Stored dataset items:
•••••
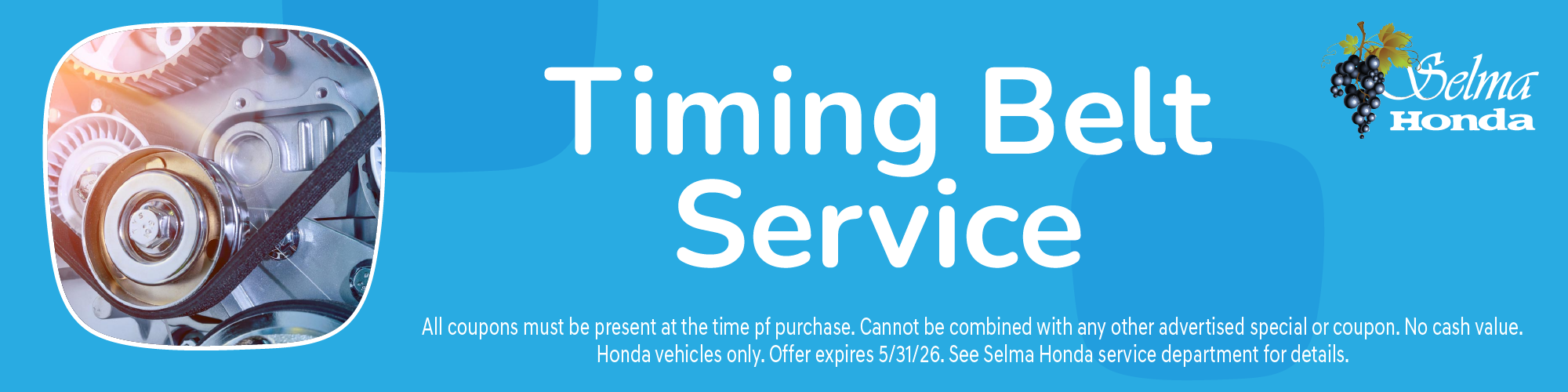  Honda Spring Service #SelmaHonda #Selma #CA
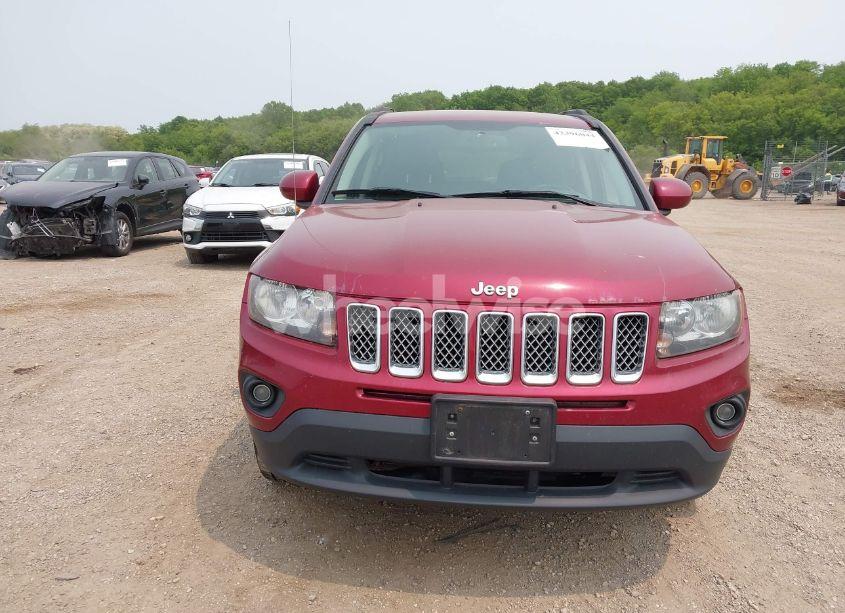 Photo 12 of 2016 Jeep Compass LATITUDE (VIN 1C4NJDEB8GD691172)
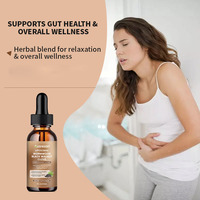 VitaSpring OEM Gouttes Liquides Liposomales de Noix Noires, Absinthe et Clou de Girofle pour la Santé Hépatique et l'Énergie – Complément de Noix Noires et d'Absinthe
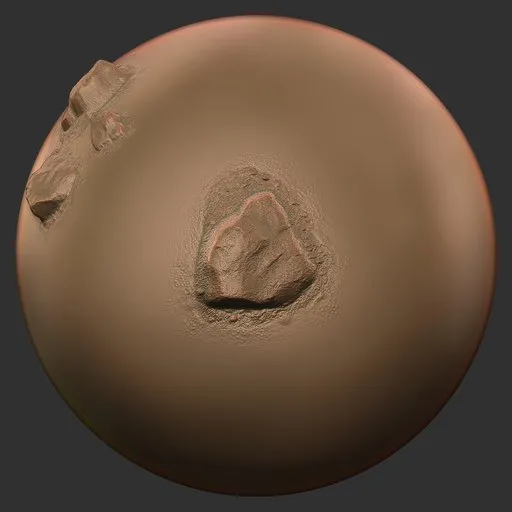 Gravel Brush Random Mix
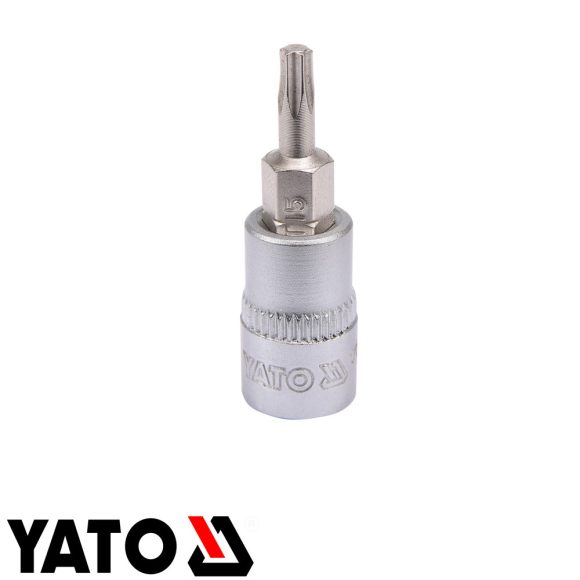 Yato YT-04303 dugókulcs torx  bit CrV/S2 acél 1/4" - T15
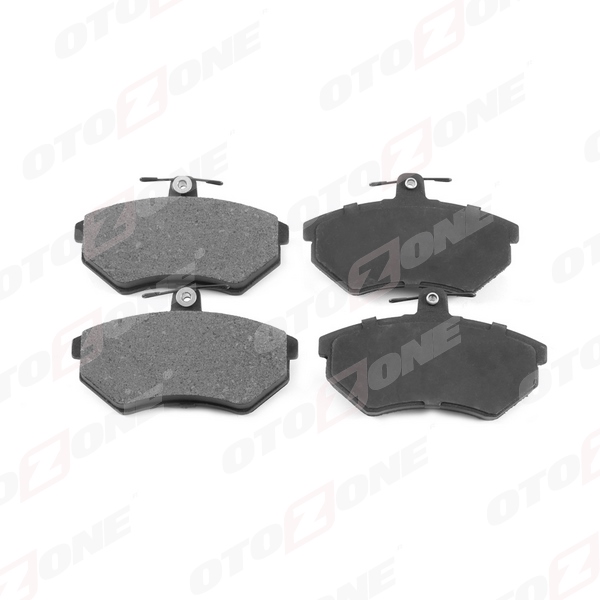 OTOZONE ÖN FREN BALATA İNCE VW GOLF II III. POLO CLASSIC 95- . PASSAT 88-97. CADDY 95-04. JETTA / SEAT TOLED 357698151A-357698151D-T113501080 OEM: 357698151A-357698151D-T113501080 - OTOZONE FDO7011-R kodlu oto yedek parça görseli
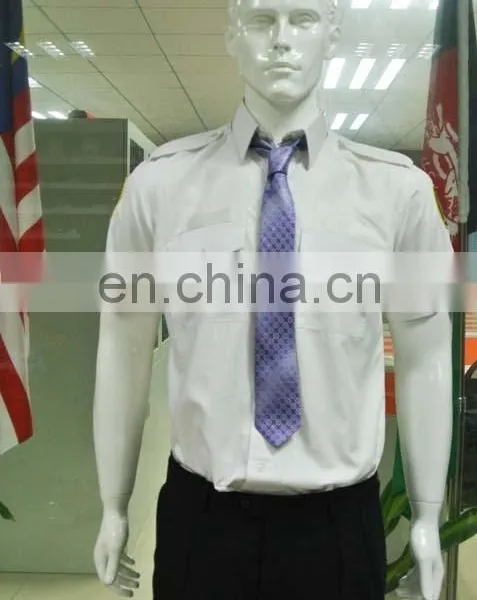 Classic Style Security Guard Uniforms With Good Quality photo-2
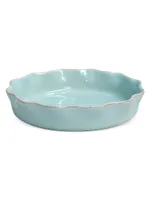 Cook & Host Stoneware Ruffle Pie Dish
•••••
▶ Your assignment
For this exercise, reproduce exactly the lines of the records above from the one with "Photo 12 of" up to and including the one with "Yato YT-04303 dugókulcs", without pictures.

▶ Answer section
 Photo 12 of 2016 Jeep Compass LATITUDE (VIN 1C4NJDEB8GD691172)
 VitaSpring OEM Gouttes Liquides Liposomales de Noix Noires, Absinthe et Clou de Girofle pour la Santé Hépatique et l'Énergie – Complément de Noix Noires et d'Absinthe
 Gravel Brush Random Mix
 Yato YT-04303 dugókulcs torx  bit CrV/S2 acél 1/4" - T15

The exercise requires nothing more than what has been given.